State v. Switzler, 143 Mo. 287; 45 S. W. 245.

State v. Ferris, 53 Ohio St. 314; 41 N. E. 579.

4. Practical Applications of the Rule.

a. NOT A DIRECT TAX TO BE APPORTIONED AMONG THE STATES.

The results of the doctrine that inheritance taxes are not imposed upon property but upon privilege are far reaching, as a few of its practical applications will illustrate.

The Federal inheritance tax of 1898 was construed as an excise or impost and not a direct tax and was not required to be apportioned among the states in proportion to their population.

Knowlton v. Moore, 178 U. S. 41; 20 S. Ct.

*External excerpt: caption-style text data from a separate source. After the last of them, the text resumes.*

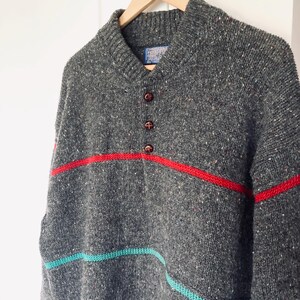 Puede incluir: Un su&eacute;ter de lana gris con un patr&oacute;n moteado, rayas rojas, turquesas y azules, y tres botones marrones. El su&eacute;ter est&aacute; colgado de una percha de madera sobre un fondo blanco. El su&eacute;ter tiene cuello chal.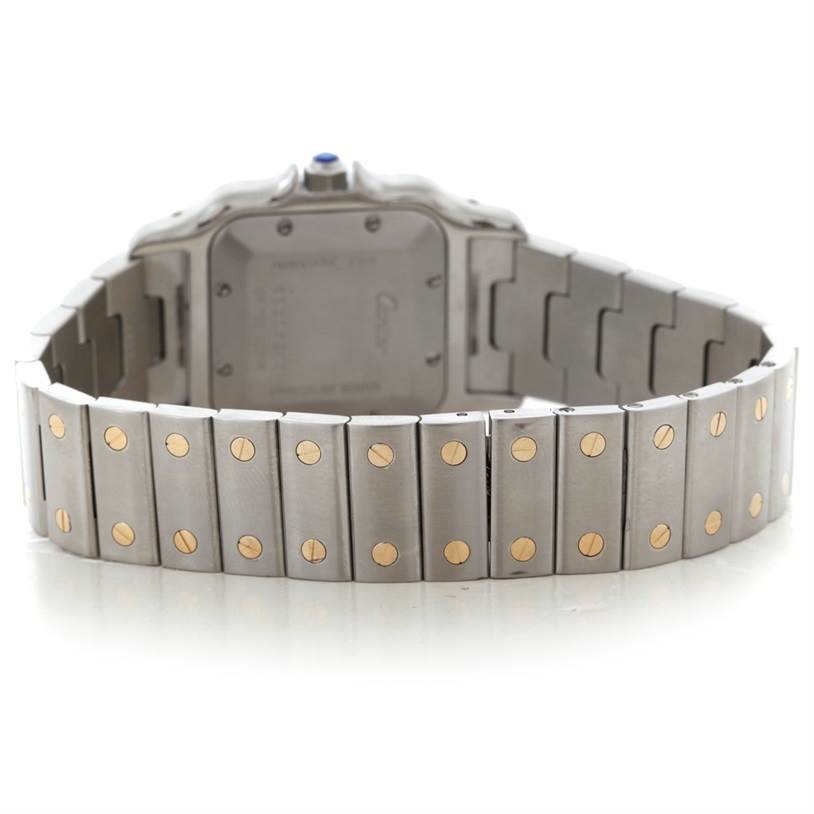 The image shows the back and bracelet of the Cartier Santos W20058C4 Men
s Stainless Steel Silver Dial W20058C4 Men
s Stainless Steel Silver Dial watch with gold screws visible on the links.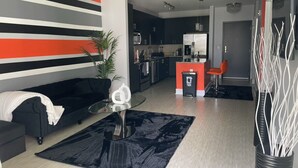 A modern living room with a black sofa, a glass coffee table, and a black rug. There is a kitchen in the background with dark cabinets and a refrigerator.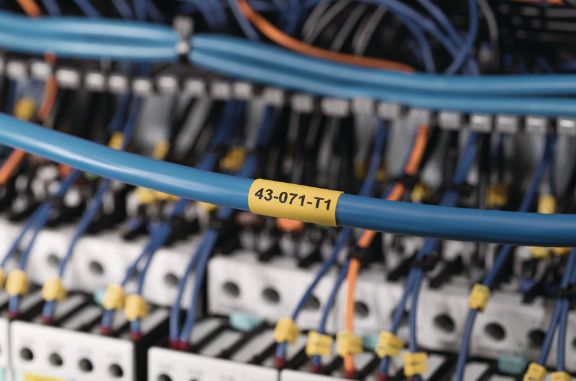Heat shrink labels with low fire hazard for rail applications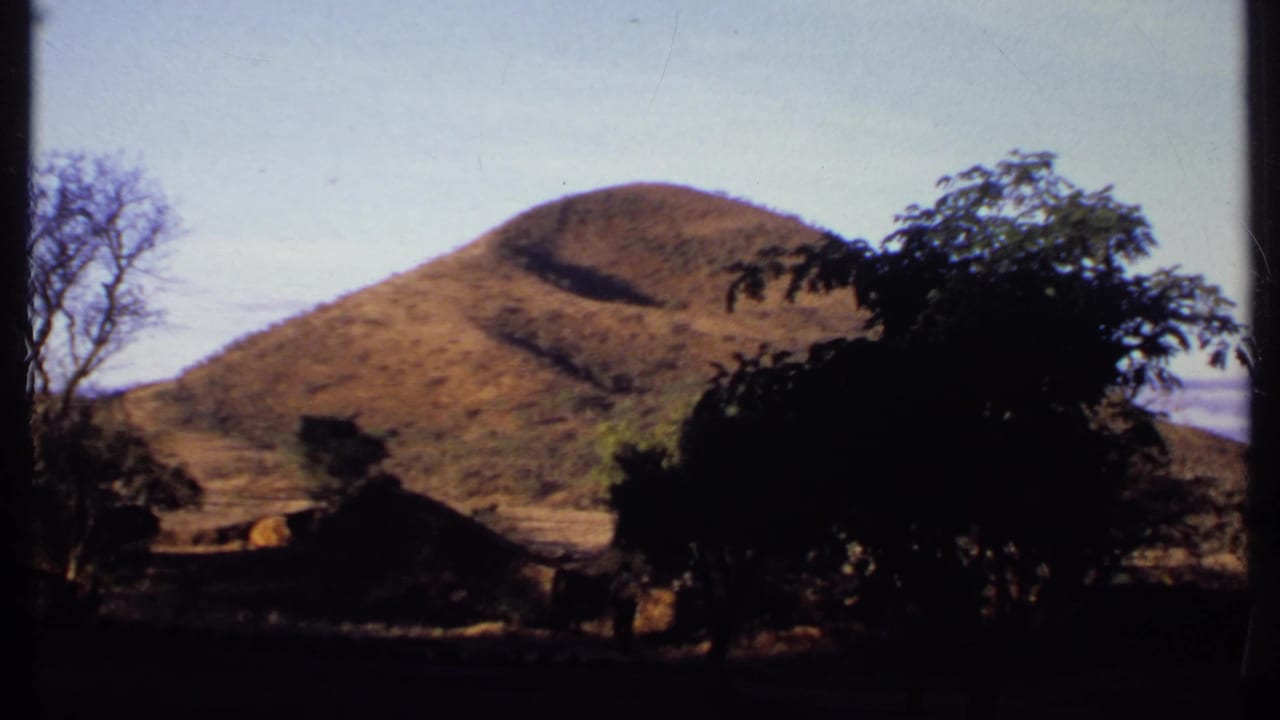 1969 Kenya 8mm frame with a dry hill beyond trees, thatched roofs, and a small white-walled structure edge.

Rep. 747.

The court said:

"It is apparent that if imposts, duties and excises are controlled by controlled by the rule of intrinsic uniformity the methods usually employed at the time of the adopting of the constitution in all countries in the levy of such taxes would have to be abandoned." And again at page 109, Taxes imposed with reference to the ability of the person upon whom the burden is placed to bear the same have been levied from the foundation of the government."

b. PROPERTY OTHERWISE EXEMPT MUST BE INCLUDED AND VALUED.

This is so as to United States government bonds.

Matter of Sherman, 153 N. Y. 1; 46 N. E. 1032.

People ex rel. U. S. A. P. P. Co. v. Knight, 174 N. Y. 475; 67 N. E. 65. Plummer v. Coler, 178 U. S. 115; 20 S. Ct. Rep. 829.

Wallace v. Myers, 38 Fed. 184.

Also as to a bequest to the United States government. Matter of Cullom, 76 Hun, 610; 27 Supp. 1105; affd., 145 N. Y. 593; 40 N. E. 163.

Matter of Merriam, 141 N. Y. 479; 36 N. E. 505; affd., 163 U. S. 625; 16 S. Ct. Rep. 1073.

All property exempt by general statutes from taxation is none the less subject to inheritance taxes on its transfer. McKennan's Estate, 25 S. Dak. 369; 126 N. W. 611. Matter of Kucielski, 144 App. Div. 100; 128 Supp. 768.

Thus where the state constitution limited the valuation of mining claims to the price paid therefor to the United States government they must none the less be inventoried at their full value for the purposes of taxing their transfer by inheritance.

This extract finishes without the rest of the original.